Eddie’s safety was not the only thing he was worried about. There was something else on his mind, something that made his heart ache. In a secret compartment in his wallet, he carried an old, creased photo of a woman. From time to time, he would take the picture out and stare at it. He had never been able to let Jasmine go and always wondered what life would have been like if he had married her. Jasmine was Kyle’s real love, and he wished that things in his life could have been different. Gazing at the picture, something inside his heart told him that he had to go and find her. He had to make sure that she was okay, and if she wasn’t, then he would make her safe, like he’d done with Eddie and Mary. There was only one thing holding Kyle back.

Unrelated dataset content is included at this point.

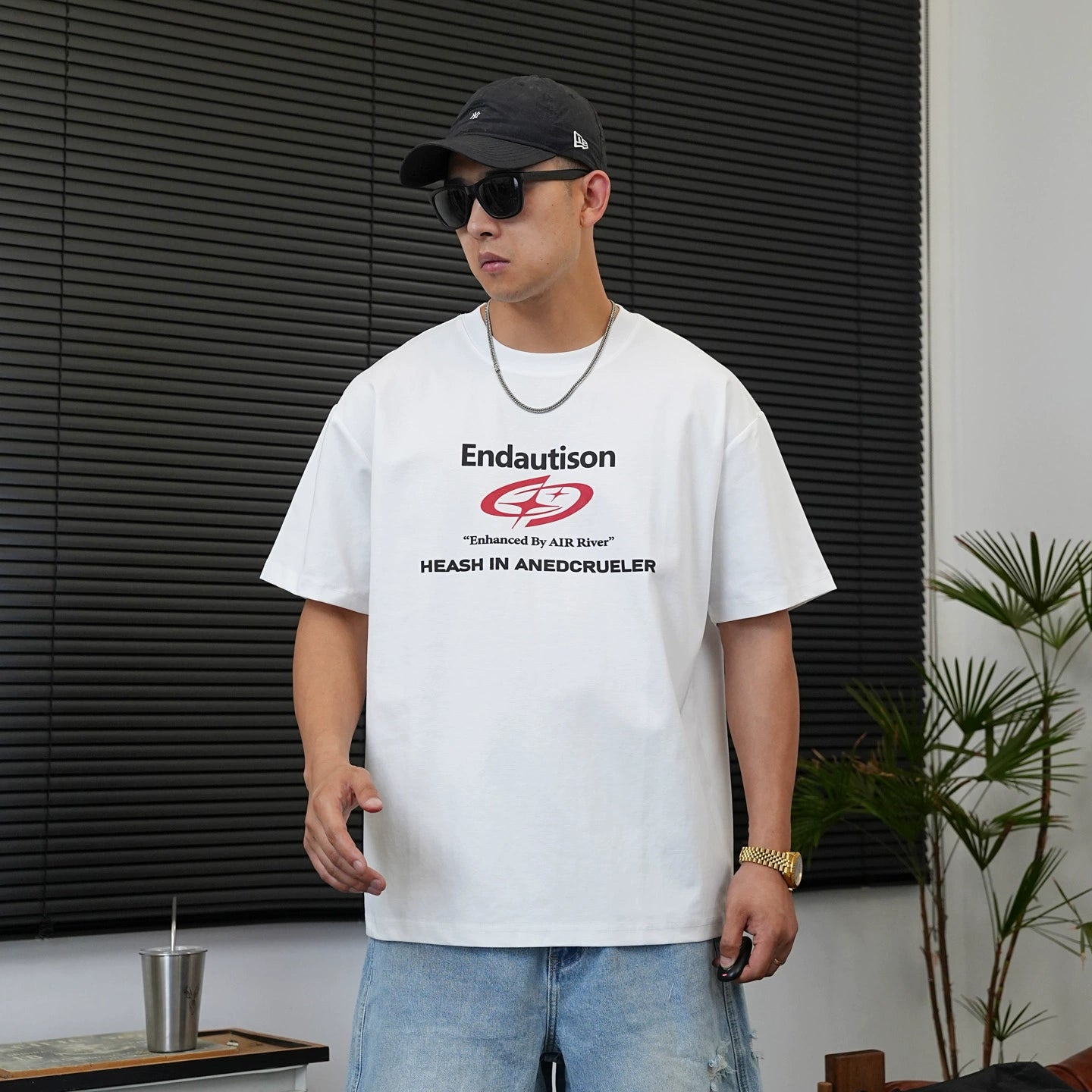 Casual Endautison Graphic T-Shirt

As Kyle sat on a chair in the corner looking at the old picture of Jasmine, he felt eyes on him. He glanced up and staring at him was the worried gaze of Eddie. Kyle smiled devilishly in hopes of getting a reaction from his son. The little boy was only eight-years-old; he didn’t fully understand what was going on and why he couldn’t go outside to play with Gary, the next-door neighbor’s kid. It hurt Kyle to think what was really going on in his son’s mind. Was he hurt? Confused? Sad? Depressed? Did he find Kyle’s devilish grin funny? But there was no reaction; Eddie continued to stare at him with those eyes that always tore Kyle into pieces. He looked down at the picture of Jasmine again, her bright blue eyes seemed to smile back at him, calling him, begging him for help. A thought of him running his hand through her soft blond hair ran through his mind. The fantasy quickly turned to horror as that same memory was replaced with an image of a dead hand ripping her hair out and biting into her face. It was then that Kyle realized he would have to make the toughest decision of his life.
Chapter One
“So what? You’re just gonna leave us?” Mary demanded an answer with her hands on her hips. Her hazel eyes stared at him like a vulture stalking its prey. Her long black hair fell down toward her face. The shine of her hair made her eyes glow.
“I’ll only be gone for a few days. I’ll be back; there’s just something that I have to do,” Kyle replied as he stuffed more things into Eddie’s robot themed knapsack.
“Are you going to take my backpack, Daddy?” Eddie asked from behind them, Kyle turned just in time to see Eddie’s eyes water.